A potpourri of topics this week. First, if you have read or heard about the movement by New York State to change the rules about ballast water, you might be confused. When ships from overseas enter our Great Lakes, they have over the years dumped their ballast water and it often has contained organisms that have no natural predators in the Great Lakes and thus become, often, an invasive species that causes problems -- zebra mussels, and a newer one, the bloody red shrimp, as examples.
I like the idea of testing for organisms that might be too small to see with the naked eye. They might be the eggs or larva of something bigger or they might be organisms even small, could cause untold further damage to our Great Lakes.
When I was on the Lake Ontario/St. Lawrence River Water Levels Study, we learned that over 90% of the shipping was inside the Great Lakes -- between ports in Canada, between ports in the USA and then between ports of the two countries. So, I really wonder at the number of ships that would have to follow the new regulations that NY is proposing. Remember the old saying, "Figures don't lie, but liars can figure". It's wise to check the facts and figures on both sides of the argument.
Second, have you ever visited the wetland on Richmond Drive in South Stormont? What a natural paradise, right in our own backyard. The Cornwall and Area Birding Club members as well as other birders across our area, like to visit the wetland. We have seen some very rare birds there and believe the area should be protected and promoted. The CABC wants to work with South Stormont to promote the area for ecotourism. Birders who come, must eat and sleep, if we show them lots to see.
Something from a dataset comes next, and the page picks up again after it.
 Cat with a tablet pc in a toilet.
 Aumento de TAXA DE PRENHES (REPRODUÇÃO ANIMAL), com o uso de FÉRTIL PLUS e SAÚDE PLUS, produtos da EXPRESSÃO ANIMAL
Third: Have you ever wondered what happens in the Policy Section of every Ministry, whether provincial or federal across our nation? Have you ever wondered how many people sit in these sections making policy? Have you ever wondered how much of that policy ever actually serves us?
Recently I had the "opportunity" to think about these things. I came to the conclusion that each Ministry does not need more than 5 policy wonks plus 1 secretary to look after policy for that Ministry. I figure that more than that means they spend more time in meetings talking to each other than actually thinking up policy. I also figure they never get to the ground level to see if the policies will work and how they will affect us taxpayers.
I think the governments could save a LOT of money by cutting their policy wonks instead of the people that serve us. However, you and I both know they haven't the guts to face those at the higher levels -- much easier to cut the ones they never see. I wonder if it would help if I ask Santa for help?